David Foster Wallace: A Tribute

After reading my blog post on David Foster Wallace, a friend sent me this article from Rolling Stone, The Lost Years and Last Days of David Foster Wallace.

And I couldn't even bear to read it for a couple of weeks. I've been so caught up in the presidential campaign, probably moreso than if I'd been living in the US. I've been eating, drinking, and breathing the 2008 campaign right up until the day of the election. I'd practically been holding my breath, and in the end I stayed up until 5am local time to watch Barack Obama* give his acceptance speech.

And the next day (I was home from work with a lousy cold) I remembered this article, and I read it, because as silly as it sounds, I felt that now that I knew that Obama* would be our next president, I could face it.

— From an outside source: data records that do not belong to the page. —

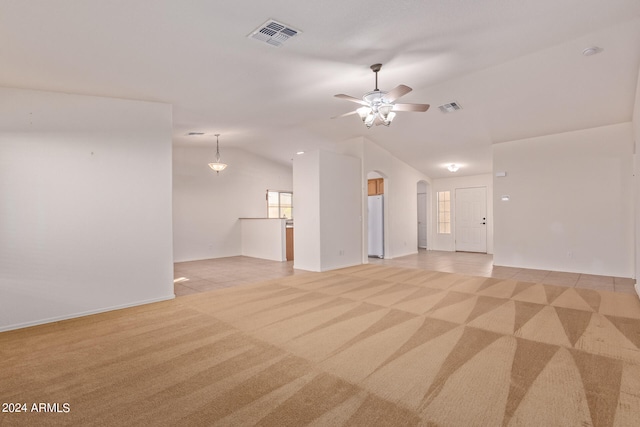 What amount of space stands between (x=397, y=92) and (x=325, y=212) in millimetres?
3524

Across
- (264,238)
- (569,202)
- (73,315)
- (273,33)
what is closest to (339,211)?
(264,238)

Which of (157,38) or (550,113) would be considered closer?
(157,38)

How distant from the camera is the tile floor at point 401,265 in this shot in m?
5.36

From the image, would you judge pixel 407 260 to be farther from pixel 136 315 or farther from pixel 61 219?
pixel 61 219

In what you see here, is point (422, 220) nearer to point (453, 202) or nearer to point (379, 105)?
point (453, 202)

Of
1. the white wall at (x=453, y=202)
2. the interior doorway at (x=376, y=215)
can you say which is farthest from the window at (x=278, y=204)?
the white wall at (x=453, y=202)

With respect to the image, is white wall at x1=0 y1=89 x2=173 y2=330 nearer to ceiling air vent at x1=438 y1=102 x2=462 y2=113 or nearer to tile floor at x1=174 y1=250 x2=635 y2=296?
tile floor at x1=174 y1=250 x2=635 y2=296

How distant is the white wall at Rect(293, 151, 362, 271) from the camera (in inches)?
265

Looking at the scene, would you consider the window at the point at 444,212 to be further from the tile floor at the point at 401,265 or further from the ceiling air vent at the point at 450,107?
the ceiling air vent at the point at 450,107

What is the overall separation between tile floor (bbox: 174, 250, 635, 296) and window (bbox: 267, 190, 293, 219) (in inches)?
84.5

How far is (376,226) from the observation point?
342 inches

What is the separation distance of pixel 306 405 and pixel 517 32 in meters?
4.18

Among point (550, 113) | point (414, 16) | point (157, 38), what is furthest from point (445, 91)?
point (157, 38)

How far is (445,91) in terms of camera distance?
17.0ft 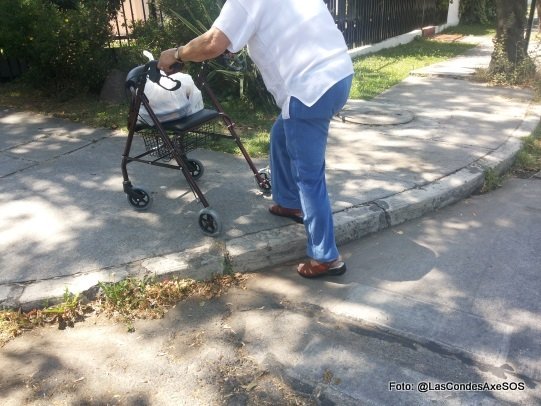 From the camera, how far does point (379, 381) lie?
2.47 metres

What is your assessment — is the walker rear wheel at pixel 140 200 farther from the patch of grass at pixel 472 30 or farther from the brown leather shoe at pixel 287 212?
the patch of grass at pixel 472 30

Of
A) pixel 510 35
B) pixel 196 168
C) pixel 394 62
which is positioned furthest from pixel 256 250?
pixel 394 62

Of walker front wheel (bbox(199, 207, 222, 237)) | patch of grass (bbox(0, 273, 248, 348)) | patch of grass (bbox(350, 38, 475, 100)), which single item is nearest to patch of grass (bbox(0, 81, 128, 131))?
walker front wheel (bbox(199, 207, 222, 237))

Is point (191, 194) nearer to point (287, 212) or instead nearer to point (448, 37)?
point (287, 212)

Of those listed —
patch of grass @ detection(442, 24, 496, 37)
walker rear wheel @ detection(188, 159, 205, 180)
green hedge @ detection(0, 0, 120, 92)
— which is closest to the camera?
walker rear wheel @ detection(188, 159, 205, 180)

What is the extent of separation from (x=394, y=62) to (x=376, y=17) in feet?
8.03

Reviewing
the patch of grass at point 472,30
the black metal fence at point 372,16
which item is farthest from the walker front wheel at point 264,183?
the patch of grass at point 472,30

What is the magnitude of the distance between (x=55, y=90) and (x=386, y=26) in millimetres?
8815

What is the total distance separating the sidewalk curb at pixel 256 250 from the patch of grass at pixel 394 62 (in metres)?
3.37

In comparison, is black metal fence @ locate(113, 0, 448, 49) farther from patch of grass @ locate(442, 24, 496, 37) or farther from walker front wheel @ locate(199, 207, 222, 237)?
walker front wheel @ locate(199, 207, 222, 237)

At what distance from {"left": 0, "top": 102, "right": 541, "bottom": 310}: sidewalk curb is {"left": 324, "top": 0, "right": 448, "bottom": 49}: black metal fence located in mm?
7294

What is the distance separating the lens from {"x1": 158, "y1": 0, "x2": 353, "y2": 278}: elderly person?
2.77 m

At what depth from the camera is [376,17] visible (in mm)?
12469

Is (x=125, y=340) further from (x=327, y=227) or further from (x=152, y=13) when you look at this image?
(x=152, y=13) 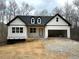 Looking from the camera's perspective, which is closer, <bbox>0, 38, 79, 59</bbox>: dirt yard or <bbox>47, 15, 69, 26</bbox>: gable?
<bbox>0, 38, 79, 59</bbox>: dirt yard

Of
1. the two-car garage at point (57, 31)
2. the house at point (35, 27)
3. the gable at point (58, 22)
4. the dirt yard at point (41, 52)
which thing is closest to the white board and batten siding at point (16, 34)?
the house at point (35, 27)

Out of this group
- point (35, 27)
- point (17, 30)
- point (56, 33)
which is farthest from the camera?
point (56, 33)

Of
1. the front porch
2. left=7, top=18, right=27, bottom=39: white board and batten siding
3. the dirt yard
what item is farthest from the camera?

I had this -- in retrospect pretty lame -- theory that the ugliness of the American election, and the thought that perhaps his Rolling Stone article about John McCain in 2000 had contributed to McCain's becoming his party's nominee and being poised to win the election (Foster Wallace killed himself during the brief ascendant-Palin period) had added to his depression and he had killed himself at least in part because of it, much as Hunter S. Thompson had killed himself (or so some theories go) because of his hopelessness over the outcome of the 2004 election.

And of course, who knows if that contributed; I sure don't. It's possible that even his mother, father, best friend, sister, and wife don't know. Because who ever really knows what's in someone else's mind?

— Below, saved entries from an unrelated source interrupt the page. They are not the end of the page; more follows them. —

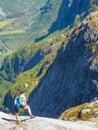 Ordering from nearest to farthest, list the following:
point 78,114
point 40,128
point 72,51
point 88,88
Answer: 1. point 40,128
2. point 78,114
3. point 88,88
4. point 72,51

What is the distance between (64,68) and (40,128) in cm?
13839

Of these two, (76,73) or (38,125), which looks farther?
(76,73)

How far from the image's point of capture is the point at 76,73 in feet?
566

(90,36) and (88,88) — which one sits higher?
(90,36)

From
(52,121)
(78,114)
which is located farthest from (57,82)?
(52,121)

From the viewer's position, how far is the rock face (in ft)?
518

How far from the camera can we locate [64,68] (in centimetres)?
19138

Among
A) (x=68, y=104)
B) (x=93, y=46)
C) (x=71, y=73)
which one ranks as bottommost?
(x=68, y=104)

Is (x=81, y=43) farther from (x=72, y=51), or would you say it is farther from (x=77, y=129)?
(x=77, y=129)

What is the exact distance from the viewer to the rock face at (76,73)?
157875 mm

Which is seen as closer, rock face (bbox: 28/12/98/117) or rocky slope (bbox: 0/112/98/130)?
rocky slope (bbox: 0/112/98/130)

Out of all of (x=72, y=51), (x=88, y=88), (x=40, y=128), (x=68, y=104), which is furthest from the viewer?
(x=72, y=51)

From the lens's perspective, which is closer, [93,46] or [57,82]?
[93,46]

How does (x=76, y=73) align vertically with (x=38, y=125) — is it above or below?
below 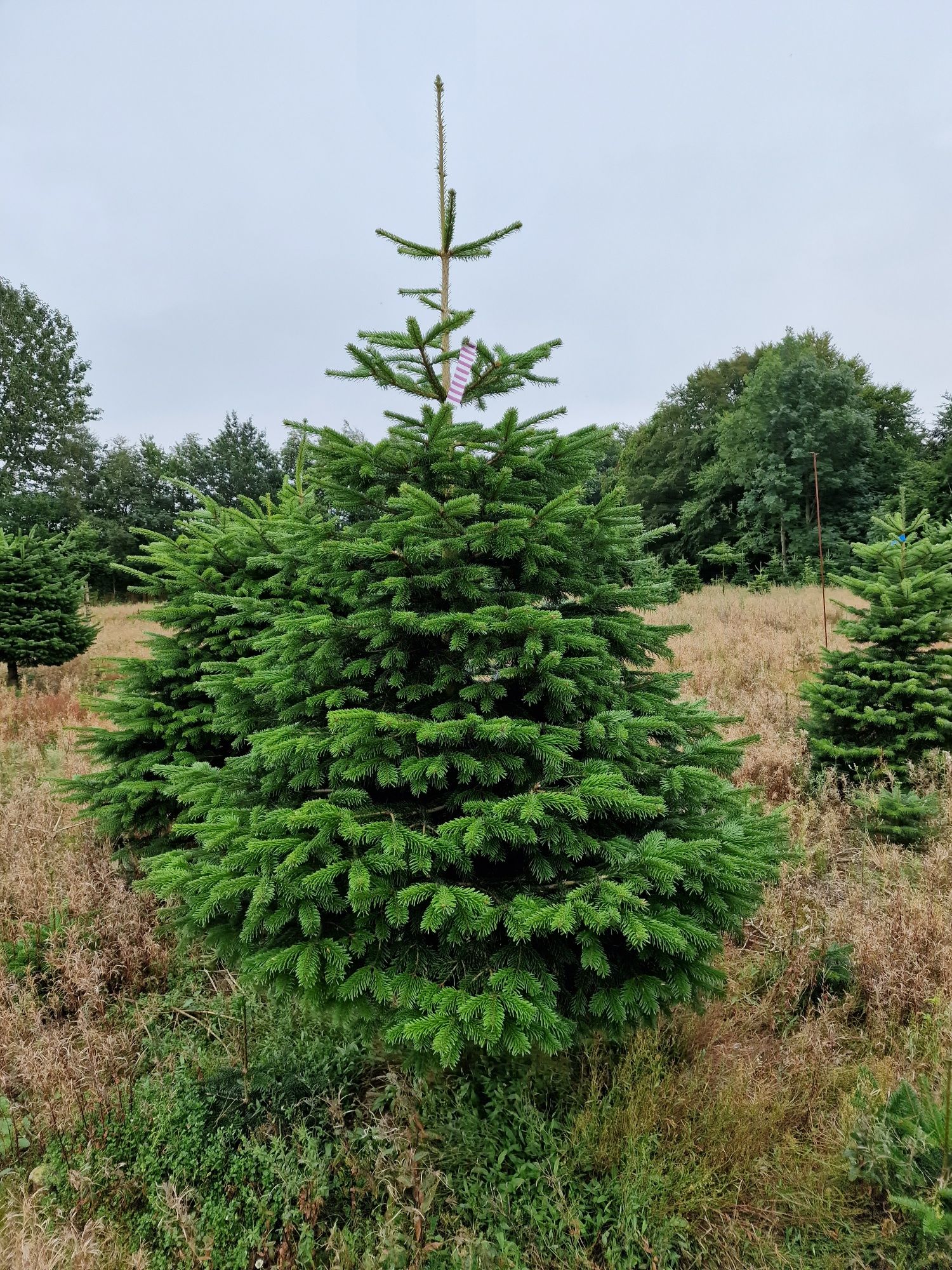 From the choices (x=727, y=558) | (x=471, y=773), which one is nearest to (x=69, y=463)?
(x=727, y=558)

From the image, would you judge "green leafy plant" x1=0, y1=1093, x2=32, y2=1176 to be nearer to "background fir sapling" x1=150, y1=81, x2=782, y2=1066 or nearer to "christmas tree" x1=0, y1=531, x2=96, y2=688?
"background fir sapling" x1=150, y1=81, x2=782, y2=1066

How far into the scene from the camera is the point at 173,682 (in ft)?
12.6

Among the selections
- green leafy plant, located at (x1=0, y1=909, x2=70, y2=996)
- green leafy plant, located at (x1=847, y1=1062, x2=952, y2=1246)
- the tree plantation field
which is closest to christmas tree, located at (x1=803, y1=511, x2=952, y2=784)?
the tree plantation field

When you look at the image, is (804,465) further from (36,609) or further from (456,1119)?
(456,1119)

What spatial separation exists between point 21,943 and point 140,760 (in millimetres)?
1138

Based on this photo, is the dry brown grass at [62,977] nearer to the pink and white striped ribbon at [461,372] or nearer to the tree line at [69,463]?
the pink and white striped ribbon at [461,372]

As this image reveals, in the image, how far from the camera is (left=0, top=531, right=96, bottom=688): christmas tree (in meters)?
9.91

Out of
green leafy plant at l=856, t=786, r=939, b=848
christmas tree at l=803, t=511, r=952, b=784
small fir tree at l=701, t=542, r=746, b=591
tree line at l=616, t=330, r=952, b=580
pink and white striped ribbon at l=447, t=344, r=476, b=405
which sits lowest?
green leafy plant at l=856, t=786, r=939, b=848

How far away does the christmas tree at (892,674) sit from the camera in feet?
15.5

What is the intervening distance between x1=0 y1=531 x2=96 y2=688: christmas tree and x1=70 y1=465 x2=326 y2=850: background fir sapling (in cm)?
788

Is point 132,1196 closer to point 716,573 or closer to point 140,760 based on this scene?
point 140,760

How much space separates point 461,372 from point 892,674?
4593 millimetres

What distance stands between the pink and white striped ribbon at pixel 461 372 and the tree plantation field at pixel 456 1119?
7.90 feet

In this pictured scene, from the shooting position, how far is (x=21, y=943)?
10.8ft
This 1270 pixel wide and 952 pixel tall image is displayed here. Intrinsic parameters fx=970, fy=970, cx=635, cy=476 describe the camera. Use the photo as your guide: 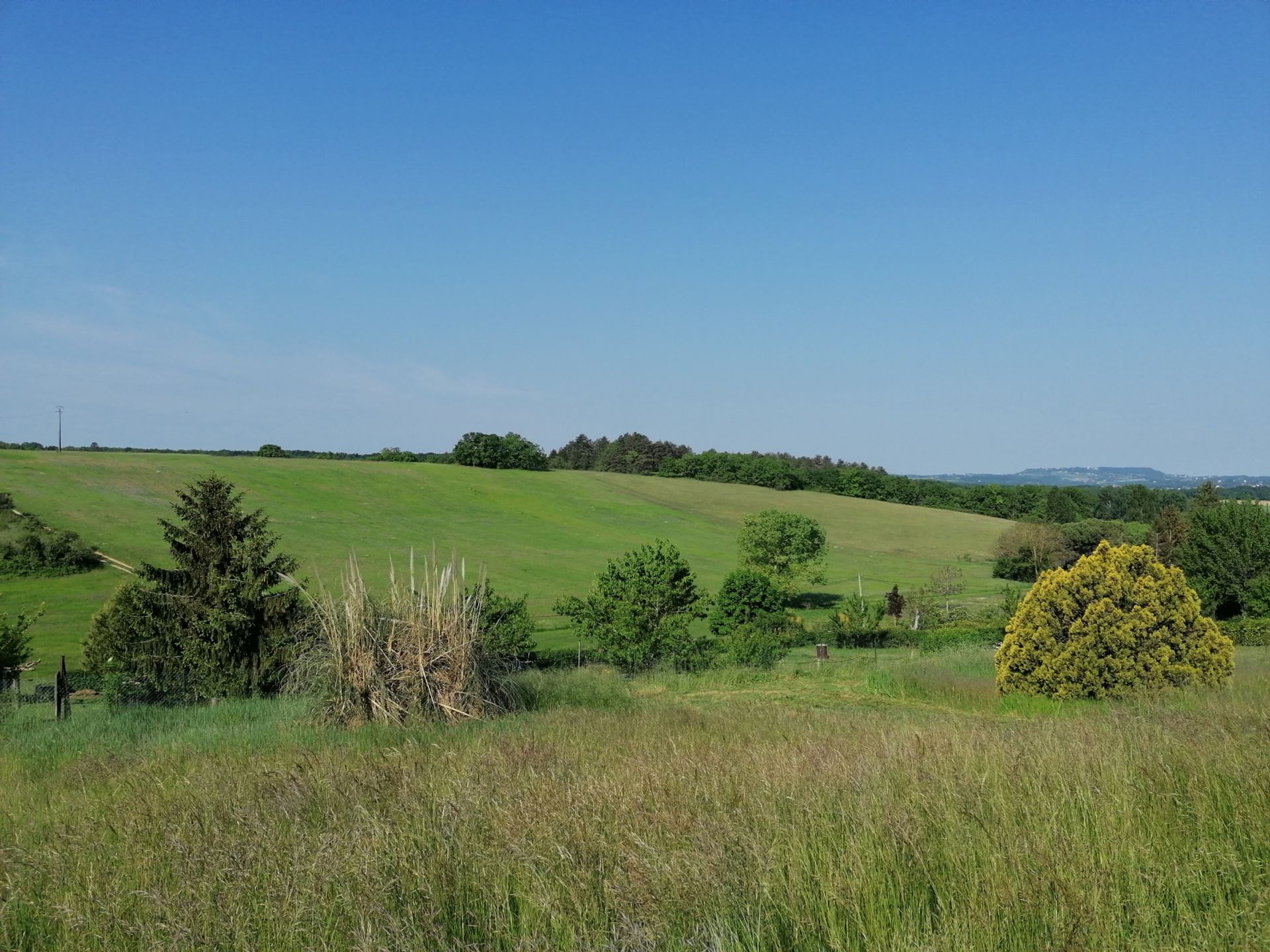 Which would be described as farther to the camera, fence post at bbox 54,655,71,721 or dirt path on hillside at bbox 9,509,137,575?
dirt path on hillside at bbox 9,509,137,575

Anyway, I finally read it, and I cried. (It made me want to erase my original post, although I won't for a variety of reasons.) I'm still angry at him for leaving. I'm angry with him for leaving his wife, and for leaving her like that. I think I'm angry because I can so easily imagine being his wife, or the wife of someone like him, and I can so easily imagine how betrayed I would feel, how bereft, to find that someone who loved me so much could still leave me like that.

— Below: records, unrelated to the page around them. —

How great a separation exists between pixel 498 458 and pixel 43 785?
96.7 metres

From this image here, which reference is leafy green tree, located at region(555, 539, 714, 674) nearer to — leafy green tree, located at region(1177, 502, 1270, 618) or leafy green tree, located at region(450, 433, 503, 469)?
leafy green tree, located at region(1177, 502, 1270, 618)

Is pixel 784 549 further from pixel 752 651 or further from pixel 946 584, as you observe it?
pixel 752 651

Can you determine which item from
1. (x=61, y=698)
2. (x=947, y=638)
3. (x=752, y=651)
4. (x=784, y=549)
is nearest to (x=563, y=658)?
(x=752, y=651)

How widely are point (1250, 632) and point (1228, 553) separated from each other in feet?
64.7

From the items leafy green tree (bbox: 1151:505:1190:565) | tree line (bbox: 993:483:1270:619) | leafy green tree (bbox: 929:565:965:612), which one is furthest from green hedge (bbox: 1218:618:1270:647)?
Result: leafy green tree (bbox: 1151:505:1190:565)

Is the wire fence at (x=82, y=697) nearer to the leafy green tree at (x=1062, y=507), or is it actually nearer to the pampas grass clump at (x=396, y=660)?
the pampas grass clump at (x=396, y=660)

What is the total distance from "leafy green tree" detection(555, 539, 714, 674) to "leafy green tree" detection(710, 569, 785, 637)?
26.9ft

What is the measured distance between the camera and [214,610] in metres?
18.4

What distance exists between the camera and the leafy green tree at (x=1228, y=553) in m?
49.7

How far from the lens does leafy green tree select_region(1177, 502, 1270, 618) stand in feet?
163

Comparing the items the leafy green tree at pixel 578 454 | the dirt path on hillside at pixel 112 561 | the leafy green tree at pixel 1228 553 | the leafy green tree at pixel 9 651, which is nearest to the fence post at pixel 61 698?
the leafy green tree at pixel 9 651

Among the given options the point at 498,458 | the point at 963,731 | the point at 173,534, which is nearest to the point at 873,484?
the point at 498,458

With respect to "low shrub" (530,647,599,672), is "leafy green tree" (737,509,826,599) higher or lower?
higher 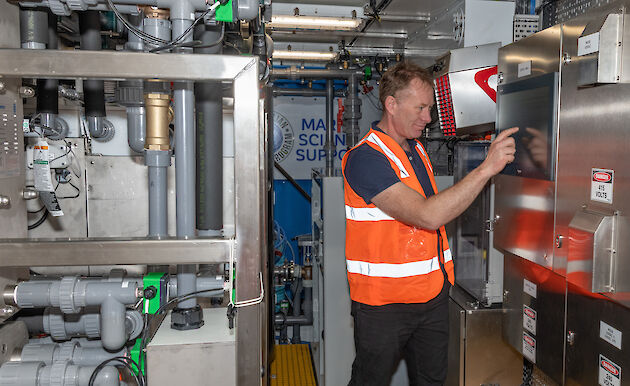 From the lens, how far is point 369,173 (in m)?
1.84

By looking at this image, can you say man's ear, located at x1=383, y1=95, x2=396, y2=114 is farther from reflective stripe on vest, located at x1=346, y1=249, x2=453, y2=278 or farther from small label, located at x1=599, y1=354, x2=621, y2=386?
small label, located at x1=599, y1=354, x2=621, y2=386

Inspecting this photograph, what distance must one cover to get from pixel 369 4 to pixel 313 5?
1.42 feet

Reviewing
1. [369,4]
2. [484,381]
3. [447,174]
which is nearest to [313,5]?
[369,4]

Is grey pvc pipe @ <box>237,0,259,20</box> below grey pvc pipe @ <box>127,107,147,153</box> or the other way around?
the other way around

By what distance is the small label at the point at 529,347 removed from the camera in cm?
198

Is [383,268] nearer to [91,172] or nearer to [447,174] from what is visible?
[91,172]

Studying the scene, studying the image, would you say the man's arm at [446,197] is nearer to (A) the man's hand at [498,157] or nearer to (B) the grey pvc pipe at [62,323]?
(A) the man's hand at [498,157]

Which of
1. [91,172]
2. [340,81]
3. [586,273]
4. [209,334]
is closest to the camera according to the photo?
[209,334]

And I'm angry with him for leaving the world, for leaving before he could see what might happen under an Obama* administration, and for leaving without taking the time to comment on it for our benefit.

And I'm angry with him for leaving all those untaught students, who surely would have benefited from his fine mind and keen sense of humor.

But mostly I'm mad at him for leaving his wife. And his dogs. That still feels almost unforgivable to me.

But at the same time, I do get that being depressed isn't a choice, and that not being able to get un-depressed doesn't mean you're lazy, or not trying hard enough. And I realize he didn't kill himself with the intention of hurting anyone, but still. But still.

Anyway, if you haven't yet, please read about how hard David Foster Wallace tried to live. And how he wasn't really an asshole at all.

Consider this post my apology.

*And no, I don't think Barack Obama is the second (or first) coming of the Messiah. I don't even think he's the second coming of Bill Clinton, although he might be, and he might even turn out to be better than Clinton. But that all remains to be seen. All I know for sure is that he's not Bush, and in fact might just be the anti-Bush, and that's enough for me.